Establishing patterns of linguistic variation traditionally requires extensive fieldwork, whether this is for a sociolinguistic study of a single community or a dialect atlas covering a whole region. Social media potentially provide large amounts of data from many more individuals than we could hope to interview using traditional means. In this talk, I will introduce the Tweetolectology project, which aims to establish the geographic and social distribution of linguistic variants using the vast amount of data available in Twitter messages. We will look at some examples of linguistic variation from Welsh, British and Irish English, and Haitian Creole, seeing how tweets demonstrate both well-established patterns of variation and some newly emerging ones, potentially demonstrating linguistic change in progress and diffusion of new variants.

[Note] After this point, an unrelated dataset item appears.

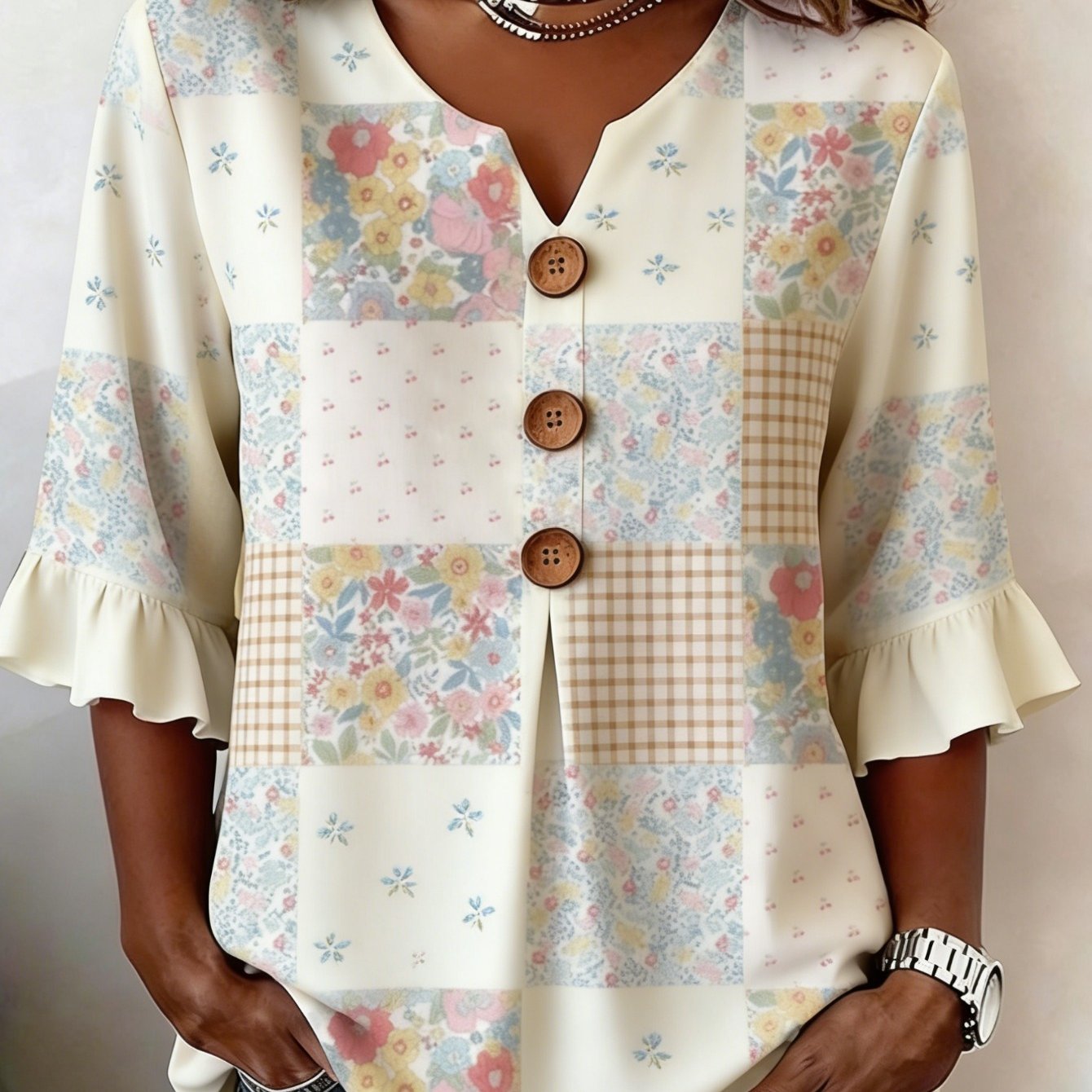 Plus Size - Plus Size - Plus Size Women's V-neck Button Style Cream Flower Splicing Printed Top, Suitable For Summer Casual Wear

You can re-watch the lecture here:
David Willis is the Jesus Professor of Celtic at the University of Oxford and a professorial fellow at Jesus College. His main area of research is syntactic change, particularly in Celtic and Slavonic languages, including word order change, the development of markers of negation and changes in patterns of agreement marking within the noun phrase. His work in syntactic variation and change uses techniques from dialect syntax, geospatial linguistics and Geographic Information Systems (GIS). He recently led the ESRC-funded Tweetolectology project, using social media (Twitter) as a data source for mapping variation and change across a range of European languages (British English, Welsh, Scandinavian, Turkish, South Slavic etc.), comparing this with more traditional approaches from corpora (e.g. the British National Corpus 2014). Other previous research projects include the Historical Corpus of the Welsh Language, the Syntactic Atlas of Welsh Dialects, and the History of Negation in the Languages of European and the Mediterranean. Recently, he started a project with colleagues at HU Berlin on the history of subject pronouns in the languages of northern Europe.